# Justification and Church History



## MichaelLofton (Mar 17, 2011)

Hello Everyone,

I have done a little bit of studying on the topic of Justification in church history. I have found some quotes prior to the reformation that seem to agree with the protestant view of justification. Yet there seems to be an overwhelming amount of quotes in church history prior to the reformation that would seem to favor the Roman Catholic view of justification. Here are a few questions I have and have been wrestling with for a while:

1. If justification is the article upon which the church stands or falls, were the vast majority of churches prior to the reformation apostate? If not, how is justification the article upon which the church stands or falls?

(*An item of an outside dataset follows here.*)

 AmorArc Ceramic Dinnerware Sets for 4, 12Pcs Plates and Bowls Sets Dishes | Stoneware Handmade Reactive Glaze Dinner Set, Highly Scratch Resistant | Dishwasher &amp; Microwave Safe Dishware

2. If a particular patristic taught doctrine that was contrary to the protestant understanding of justification, does that mean they were not truly saved? The few people that have answered this question usually say something like "a person is not justified by believing in the doctrine of justification by faith alone" but to me that doesn't answer the question because it doesn't make sense that a person can be justified and truly trusting in Christ as their righteousness, while at the same time affirming that their own merit plays a part in their own justification. This doesn't seem to be truly trusting in Christ. In light of this, can a person who is not trusting in Christ alone be justified by Christ alone?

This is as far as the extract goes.